Skewness refers to the **lack of symmetry** in a distribution of data.

> Technical note: we will be talking about skewness here only in the context of _unimodal_ distributions. The mode is the most frequent value.

![](./assets/images/skewness.png)

**A positively-skewed distribution is one whose right tail is longer or fatter than its left.**

Conversely, **a negatively-skewed distribution is one whose left tail is longer or fatter than its right**.


Symmetric distributions have no skewness!

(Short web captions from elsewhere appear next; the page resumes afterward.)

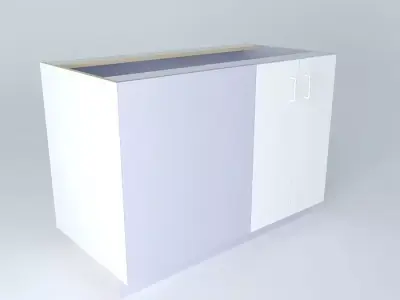 BB2D0D cabinet Free 3D model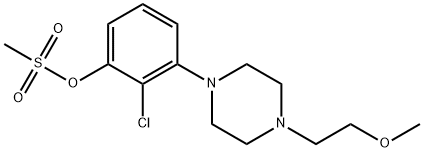 2-CHLORO-3-[4-(2-METHOXYETHYL)PIPERAZIN-1-YL]PHENYL METHANESULFONATE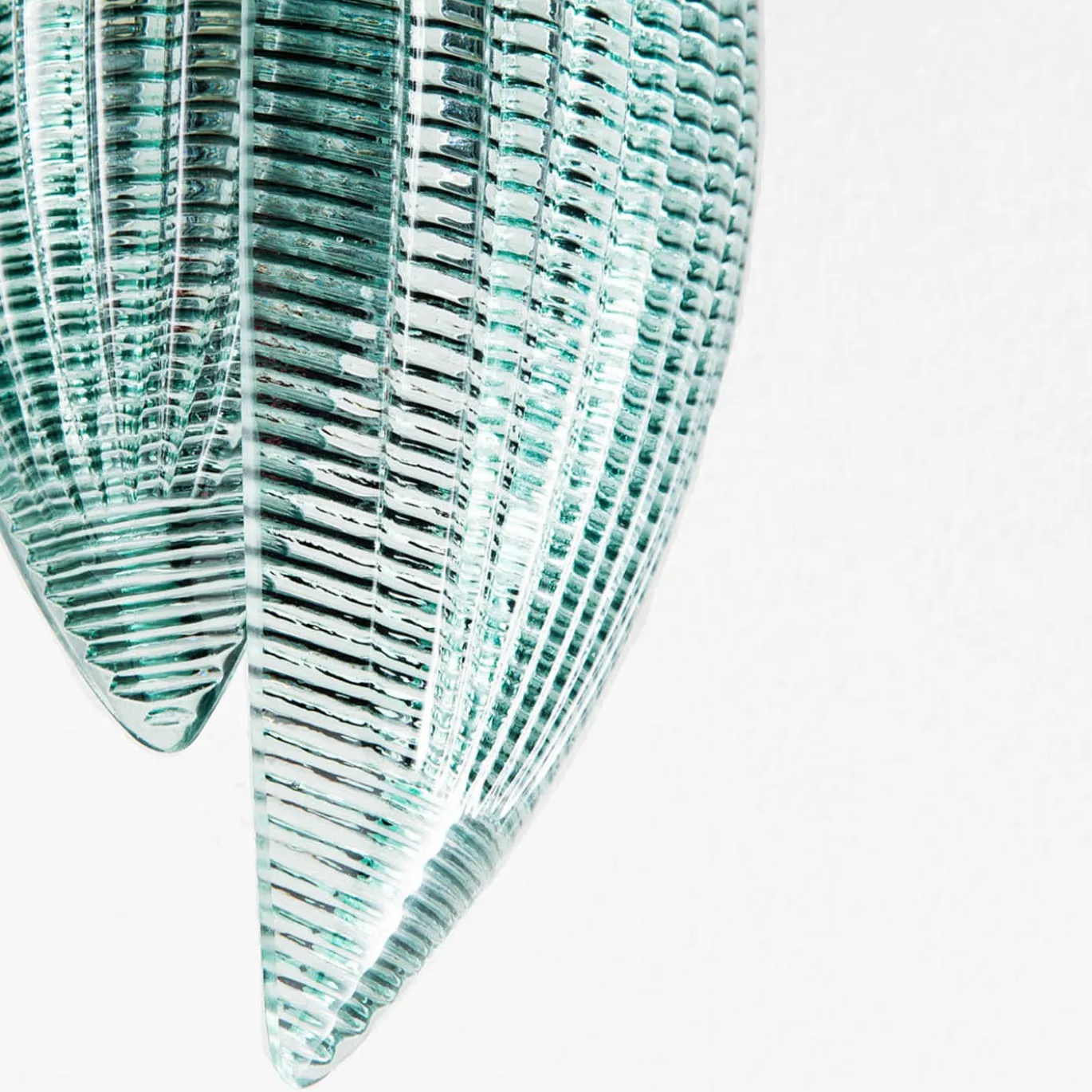 Lampadario in vetro Paradise Aquamarine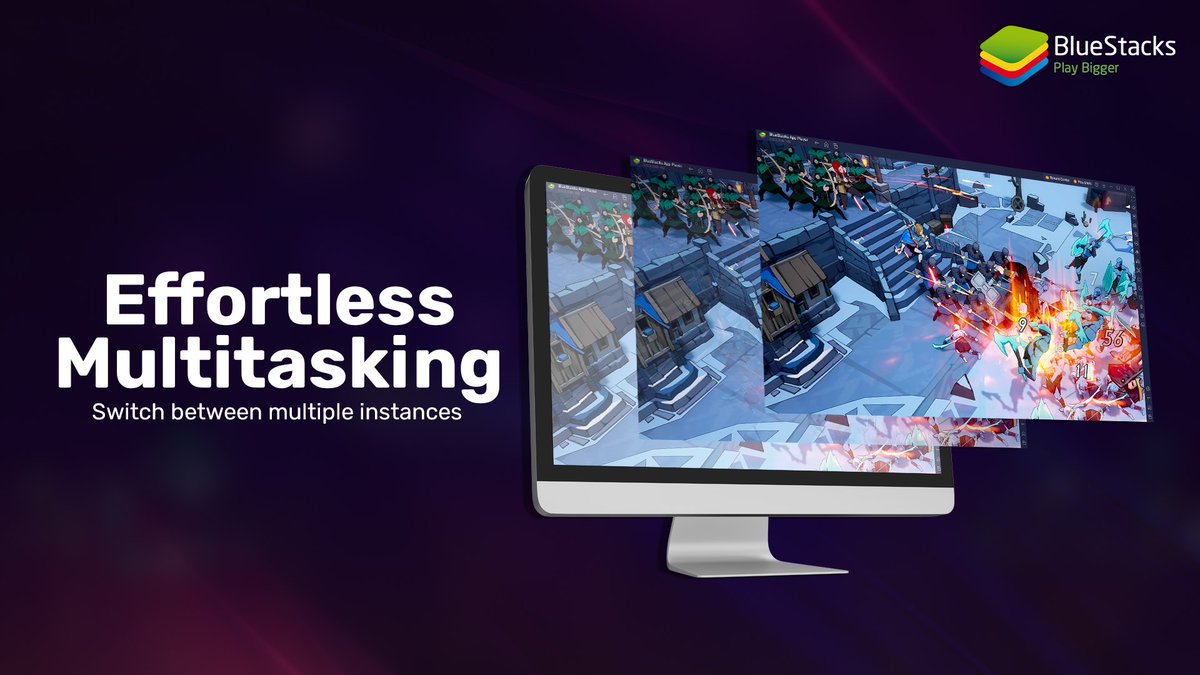 bluestacksinc's tweet photo. BlueStacks Power⚡ User Tips: 

Want to play multiple accounts at once? Try the Multi-Instances on #BlueStacks. It allows you to run multiple instances of the same #game🎮!

Download now:👉 https://t.co/J96XxHaJon

#BlueStacks5 #BiggerScreen #Gaming #AndroidGaming #gamers https://t.co/YbalaP6Co0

### 6. [Bonus] Plot the distributions

- Use `plt.hist()` to plot a histogram for each of the variables. 
- Mark the locations of the means and medians. You can create vertical lines at their positions using `plt.vlines(np.mean(array), 0, 1000)`, etc. 
- Compare to the situation in the example plot.

## Sample variance

> **Note:** Often, the variance for data samples comes with a correction factor of $n/(n-1)$ where $n$ is the sample size (number of elements in the list). This makes sense in the context of inference when one is thinking about inferring the variance of a whole population by just looking at a sample. The reasons for doing that are more profound. However, you will often find that some software (e.g. pandas) uses the correction factor as the default setting. We can easily take care of that.

In [25]:
np.var(my_list)

2.0

In [26]:
(np.var(my_list)
 *len(my_list)/(len(my_list)-1))

2.5

The same can be done using the keyword ddof (degrees of freedom) in the numpy function.

In [27]:
np.var(my_list, ddof=0)

2.0

In [28]:
np.var(my_list, ddof=1)

2.5

## Some useful notation


In textbooks you will often find the following notation for a data sample $X=(X_1, X_2, \ldots, X_n)$:

- Mean $\mu$ (mu):

$$\mu = \frac{1}{n}(X_1+X_2+\ldots+X_n) = \frac{1}{n}\sum_{i=1}^{n}X_i$$

- Variance: 

$${\rm Var}(X) = \frac{1}{n}\left((X_1-\mu)^2+(X_2-\mu)^2+\ldots+(X_n-\mu)^2\right) = \frac{1}{n}\sum_{i=1}^{n}(X_i-\mu)^2$$

- Skew:

$${\rm Skew}(X) = \frac{1}{n\ \sigma(X)^3}\left((X_1-\mu)^3+(X_2-\mu)^3+\ldots+(X_n-\mu)^3\right) = \frac{1}{n}\sum_{i=1}^{n}\frac{(X_i-\mu)^3}{\sigma(X)^3}$$


The capital Sigma $\Sigma$ is just an abbreviation for carrying out the summation. Think of this notation in the same way we programmed it: we iterate over the different elements, perform always the same operation and in the end sum all elements before dividing by the number of elements in the list.